The problem: Every record must be restated exactly. Drop the images.

(Dataset excerpts)

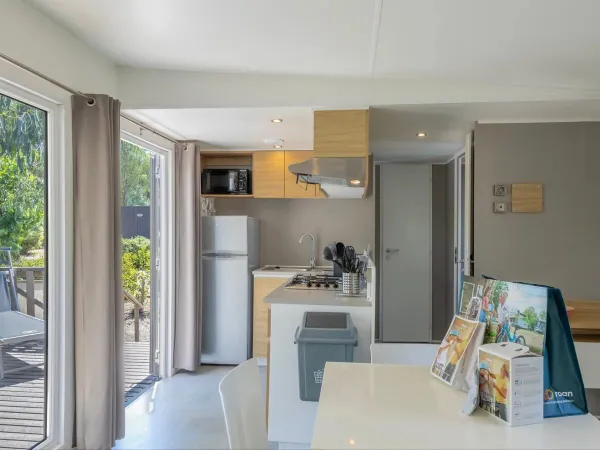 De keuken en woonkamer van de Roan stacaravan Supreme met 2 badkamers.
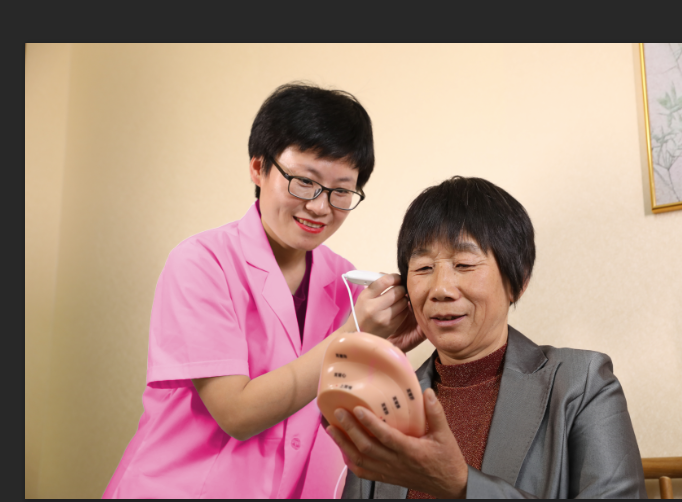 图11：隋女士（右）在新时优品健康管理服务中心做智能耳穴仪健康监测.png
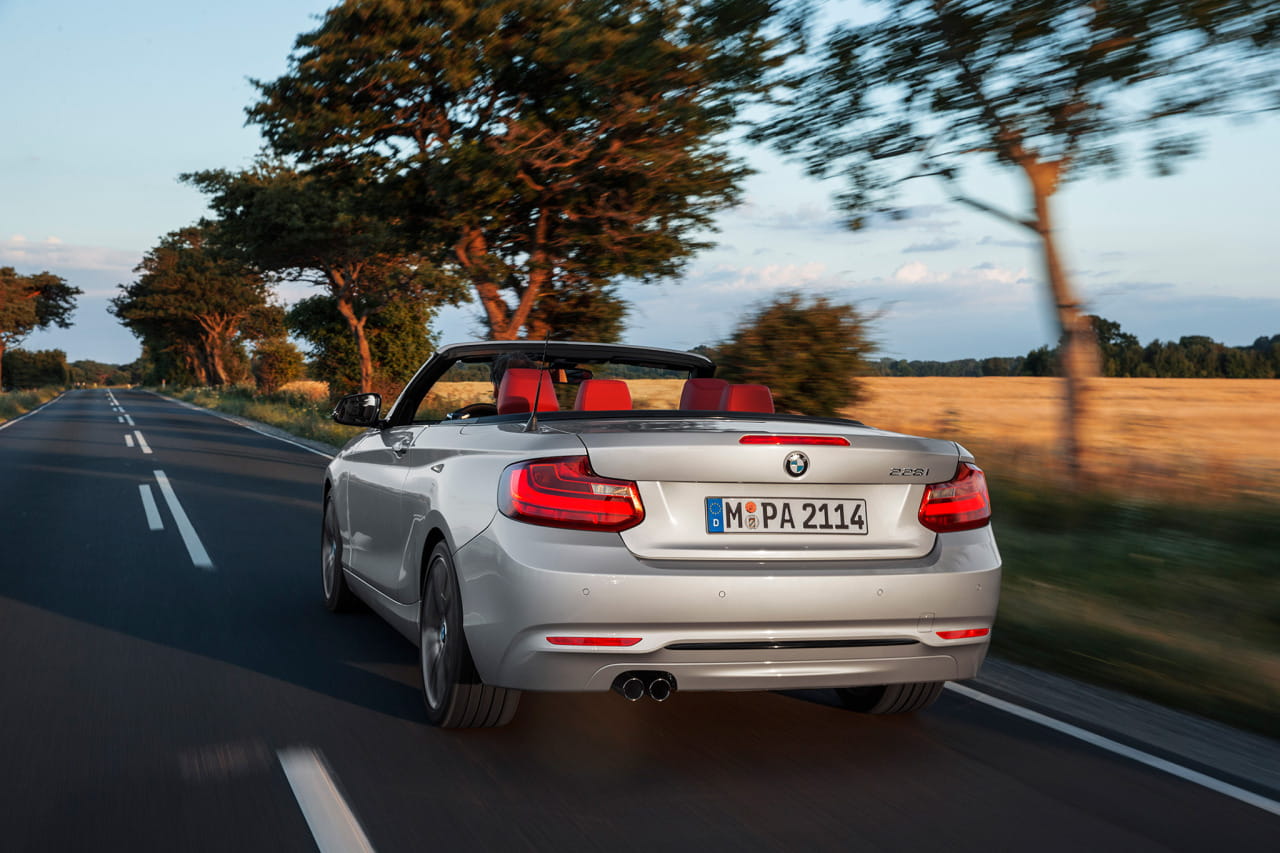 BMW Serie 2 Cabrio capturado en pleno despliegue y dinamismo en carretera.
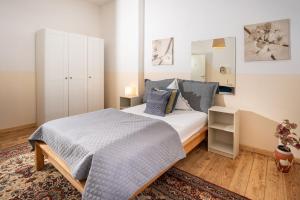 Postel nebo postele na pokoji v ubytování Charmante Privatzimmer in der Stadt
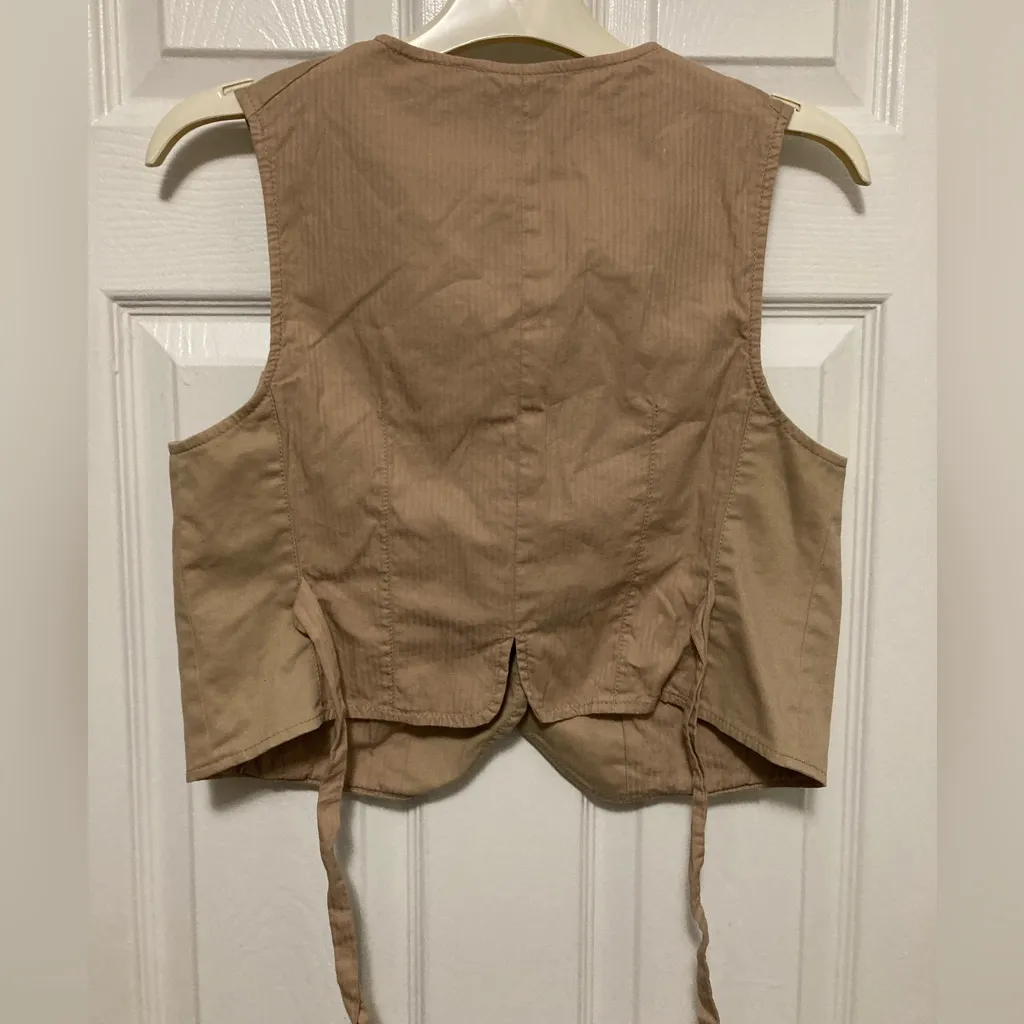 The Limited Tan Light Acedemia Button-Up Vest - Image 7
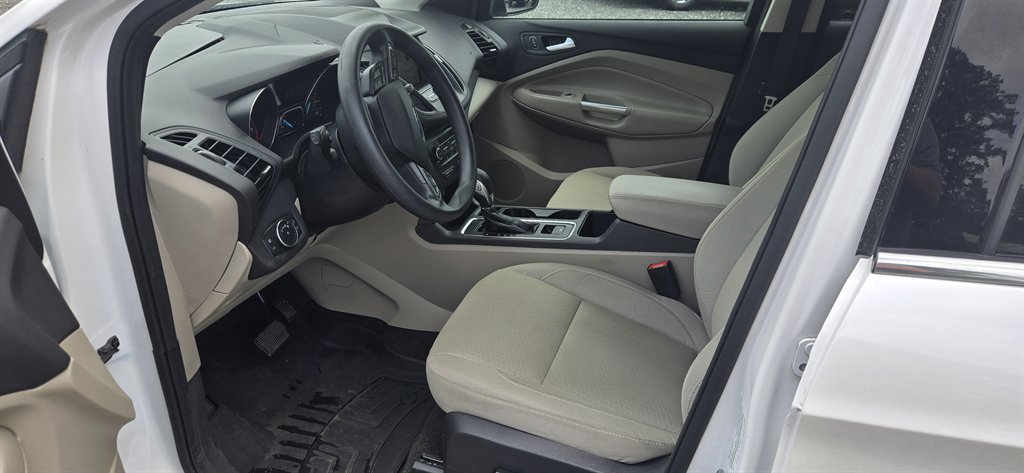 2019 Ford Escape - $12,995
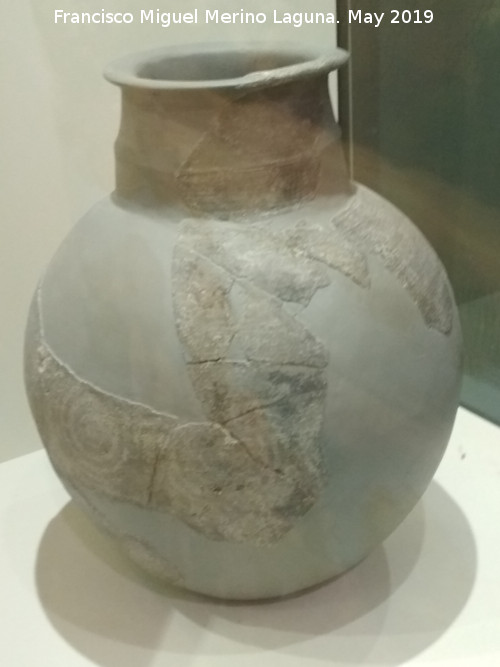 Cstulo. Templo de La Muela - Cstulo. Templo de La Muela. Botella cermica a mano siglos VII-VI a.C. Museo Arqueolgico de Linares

Answer space:
 De keuken en woonkamer van de Roan stacaravan Supreme met 2 badkamers.
 图11：隋女士（右）在新时优品健康管理服务中心做智能耳穴仪健康监测.png
 BMW Serie 2 Cabrio capturado en pleno despliegue y dinamismo en carretera.
 Postel nebo postele na pokoji v ubytování Charmante Privatzimmer in der Stadt
 The Limited Tan Light Acedemia Button-Up Vest - Image 7
 2019 Ford Escape - $12,995
 Cstulo. Templo de La Muela - Cstulo. Templo de La Muela. Botella cermica a mano siglos VII-VI a.C. Museo Arqueolgico de Linares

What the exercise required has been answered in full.